The sad truth of the moment is that in any race I can vote on, I will vote for the Democrat. This is not because I consider myself a Democrat, though my personal values don’t diverge hugely from the general Democratic views. It is because I am most devotedly not a Republican. That party has become such a corruption of everything our country is supposed to stand for that I have to vote for whatever stands in its way most effectively. In our binary party system, that means voting Democrat.
I generally like Barack Obama. I have huge issues with him on some things, and even in areas I agree with him, like healthcare, I’m disappointed in the way he has often started the fight by jettisoning options before they can be debated, thus giving in to resistance from the right before it even manifests. But, still, I think he’s a good man, a well-meaning man, and in this instance indisputably the “best” man of the two with a shot at the title.
I see nothing to admire or like about Mitt Romney.
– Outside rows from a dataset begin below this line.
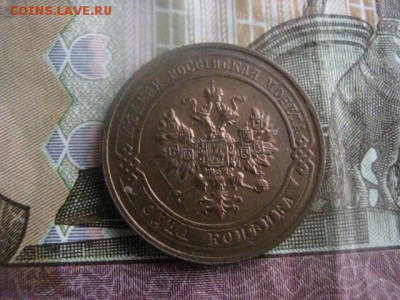 Копейка 1916г. В альбом. До 23.03.2017г. - 043.JPG
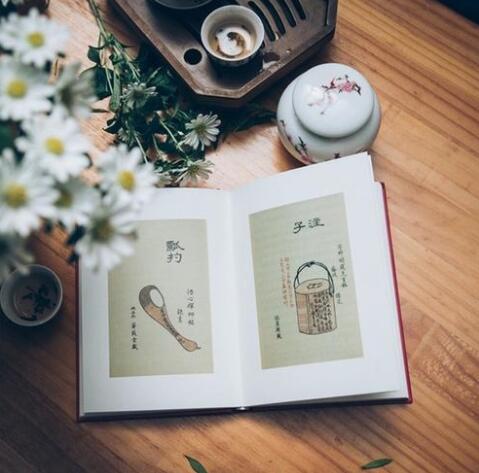淡淡书香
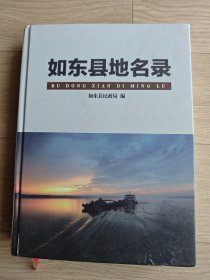 如东县地名录（十六开精装本）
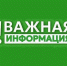Отбой сигнала «беспилотная опасность» - Газета Истра сегодня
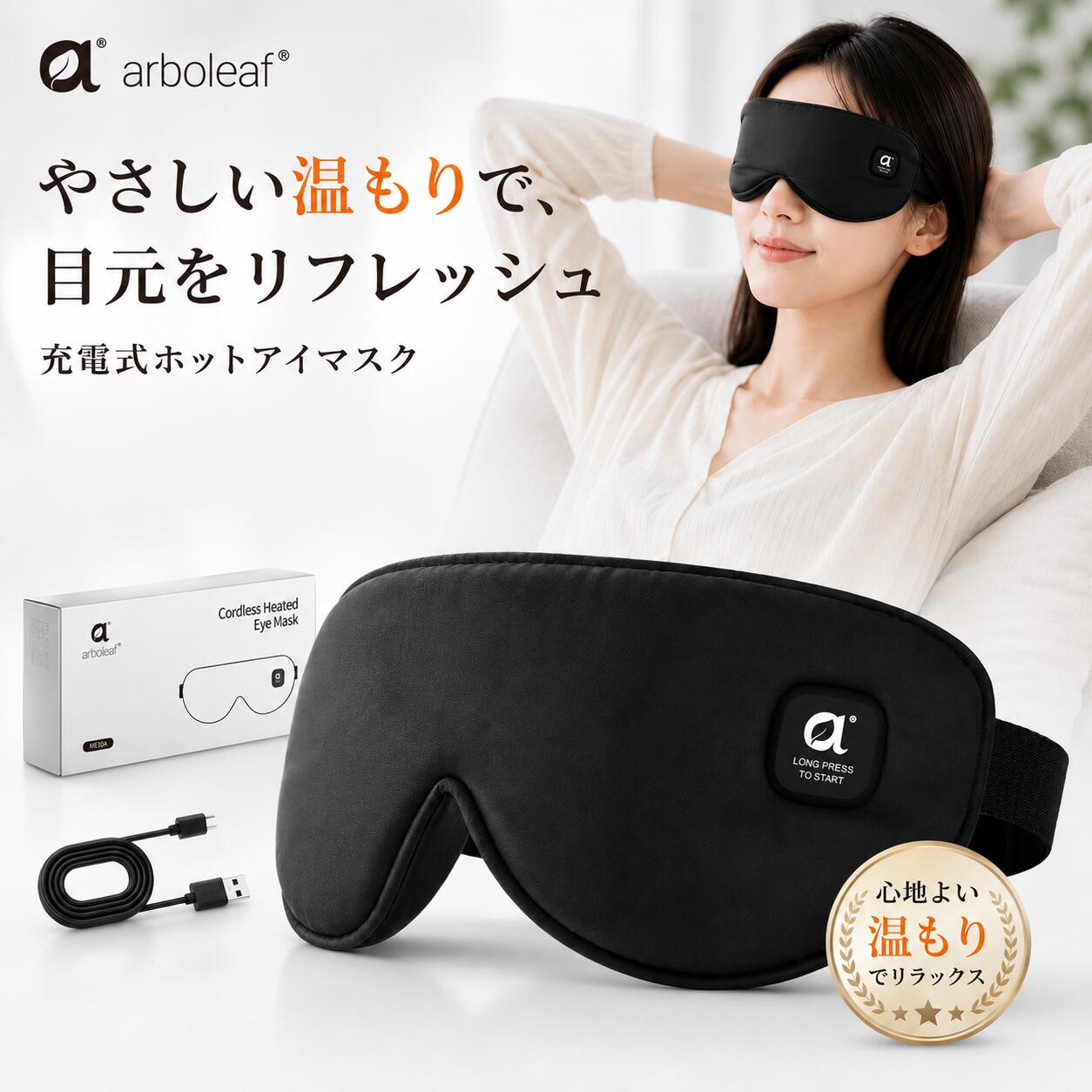 洗える ホットアイマスク まぶた マッサージ機 徹底比較 充電式ホット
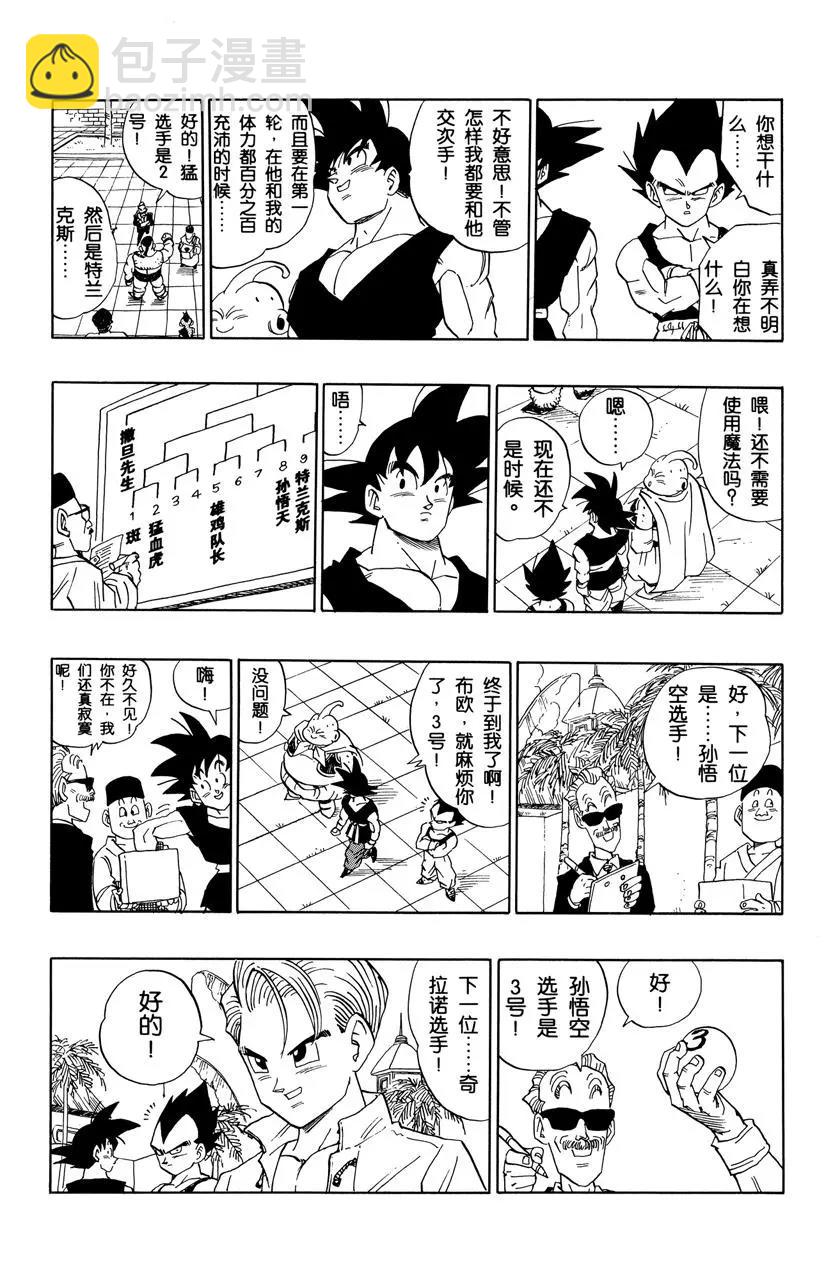 🍔龙珠 第518话 十年后 第11页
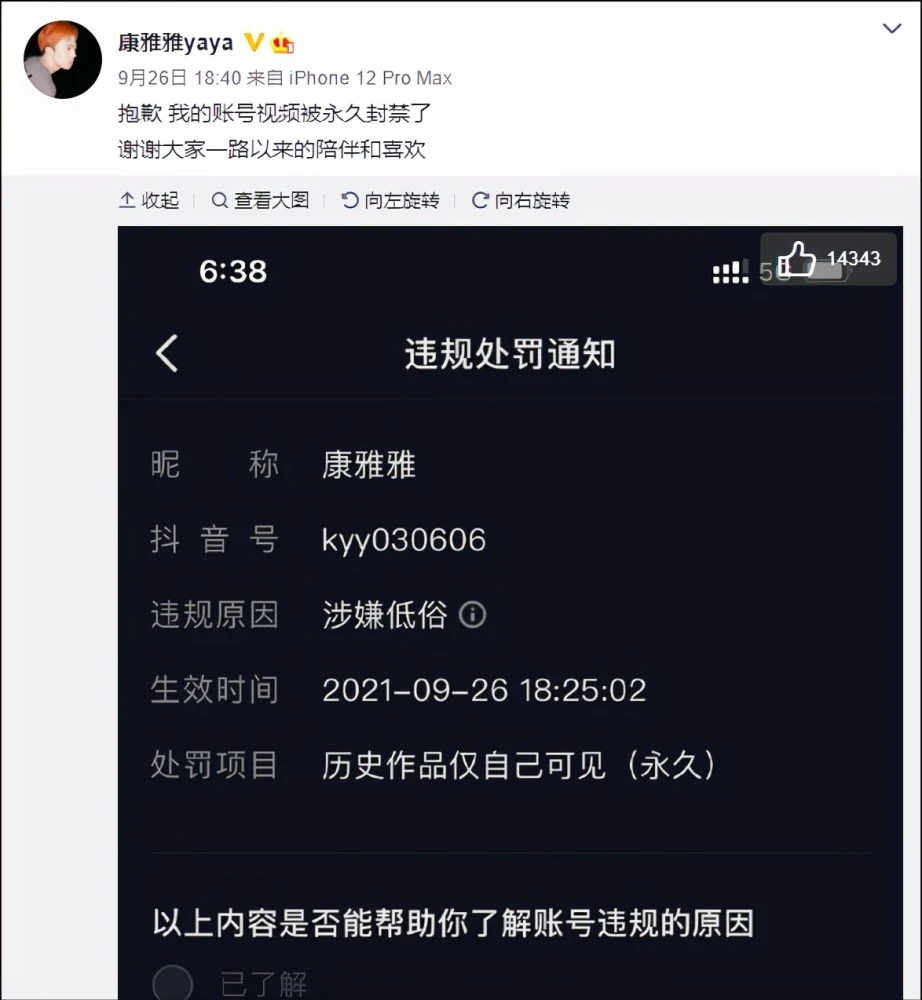 抖音审核未通过怎么办_抖音审核办通过多久发货_抖音通过审核要多久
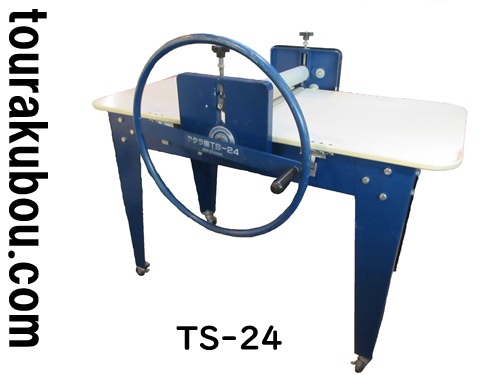 【中古】グット電機 手動式タタラ機 TS-24型 動作良好 上布新品<入荷〇>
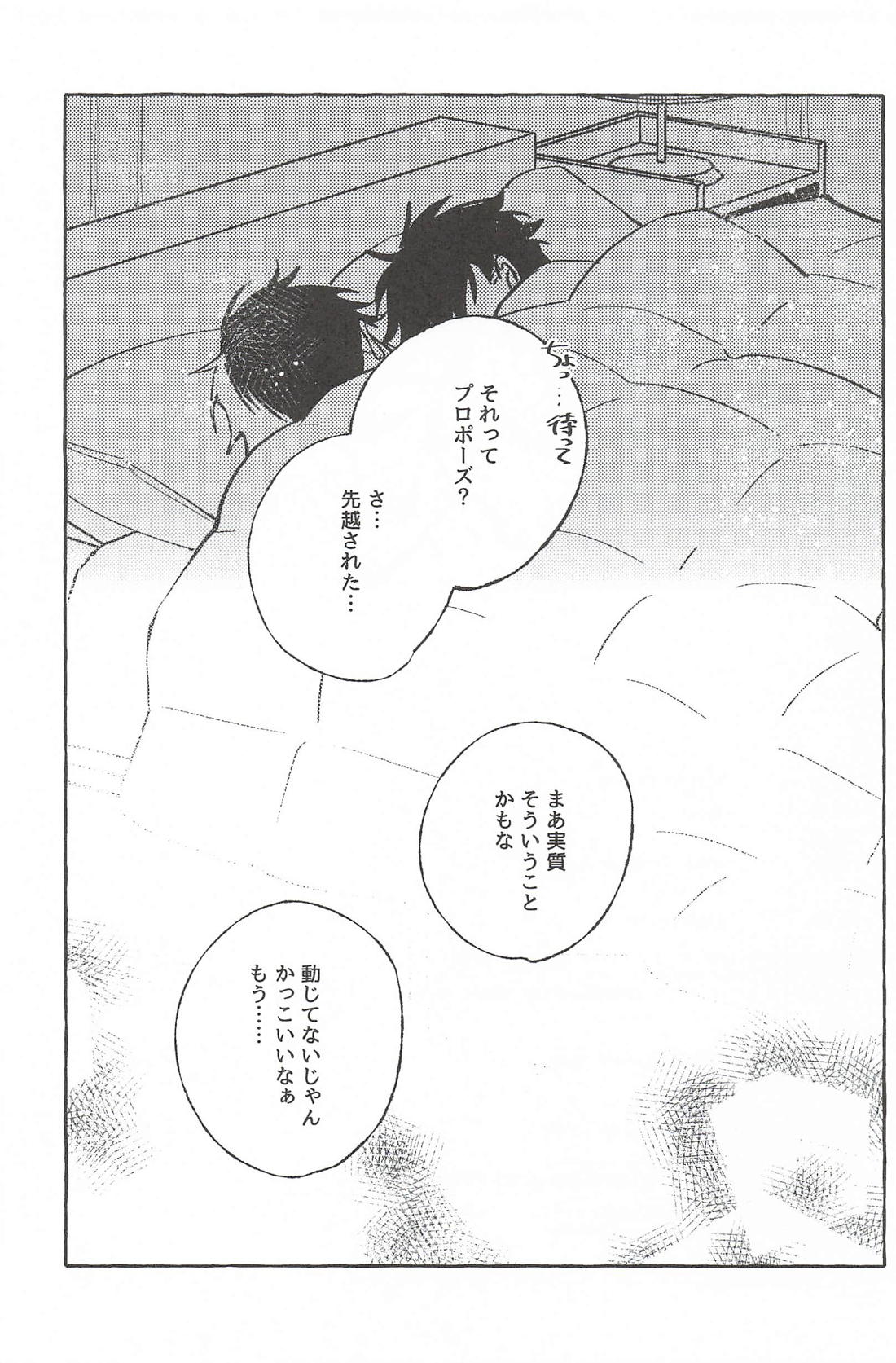 ドラマみたいな恋じゃなくても【WIND BREAKER/かめさく】 page 44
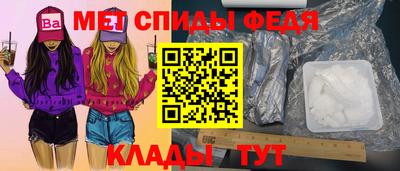 кокаин VHQ Донецк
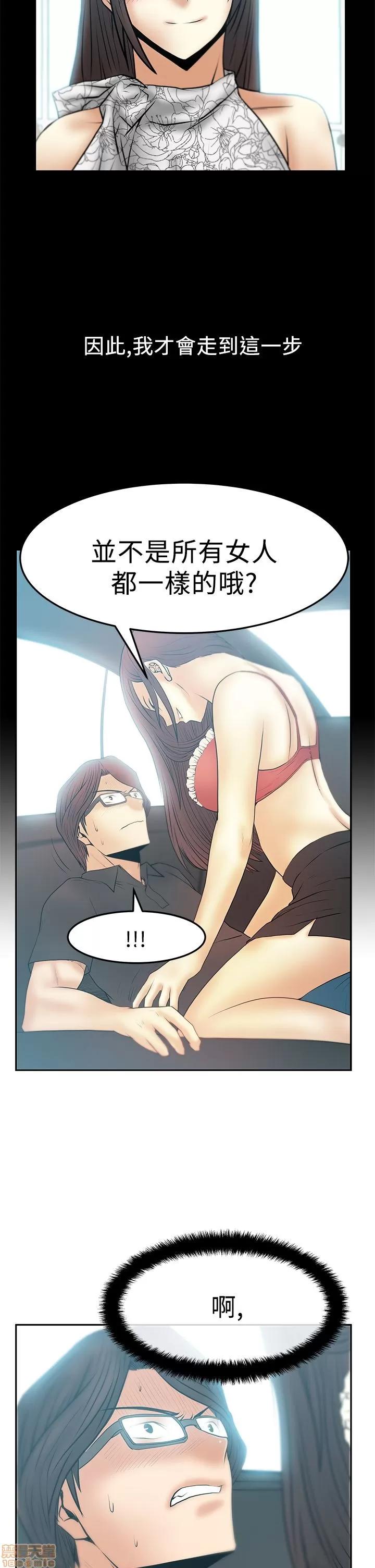 动办公室么 MY OFFICE LADYS S2_11-15.zip 第87页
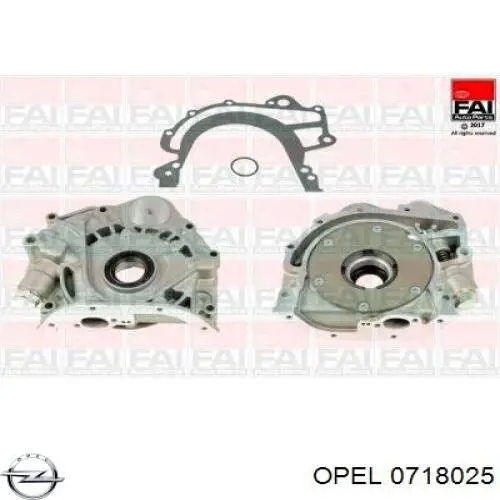 Купить 0718025 Opel Синхронизатор 5-й передачи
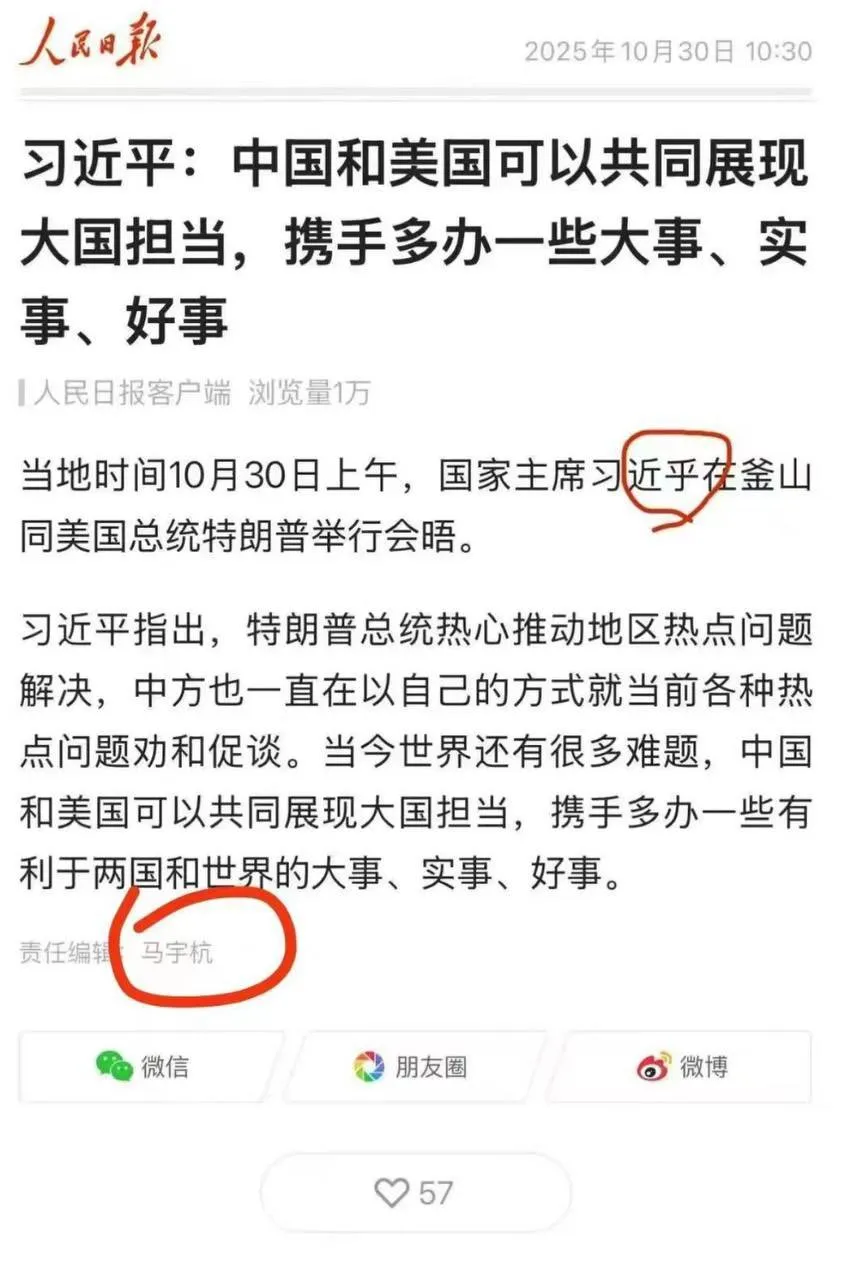 人民日报错字被网友抓包。翻摄自X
He is as politically craven as any politician I have ever seen, standing for nothing but whatever makes him look good to whoever is standing right in front of him right this second. He has no actual ideas, no solutions. He makes promises, then refuses to even make an effort to at least look like he has any specific ideas about how to fulfill them. This is the guy who has actually said “ask me how I’ll do it after the election.” And his running mate has explained that their plan would take too much time to explain. How anyone can see leadership in this protean, compassionless, power-hungry android is beyond me.
Last week, I shared a series of excerpts from an exceptional blog post by “David,” no last name offered, a political historian. It’s called “Why I Will Not Be Voting Republican For The Foreseeable Future,” and David writes intelligently, at length, offering point after point of solid reasons for not supporting any GOP candidate, for any office, in the current political ecosystem. I agree with pretty much everything he says, and when I posted the bits I posted, I got absolutely no feedback from my Republican friends (and I have many, who are not slow to pick at my political posts). I think that’s because David presents his argument so well that they had nothing to offer against it. So they retreated into the cognitive dissonance which allows them to continue supporting this festering infection of a party and let my posts sit unassailed.
And I do think that it’s cognitive dissonance, because many of these people are quite intelligent and thoughtful. I think they just have their issues, economic or social, and they have traditionally supported the GOP, and still see it as their team, even though it really does not actually stand for the things it claims, and which they still value. Of course, that may be my particular cognitive dissonance, that I give them credit enough that I think they’re deluding themselves. Maybe they really recognize what their party is now, and they support it. I don’t like that thought, because I don’t like what it makes me think of them.
I highly recommend reading David’s post, whether you are on the left or the right. And I welcome any dissenting commentary, because I’m interested in seeing if any of you on the right can actually offer a good rebuttal to the things he has to say.
As we enter the final lap of the presidential race, my mind is even more on matters political than usual.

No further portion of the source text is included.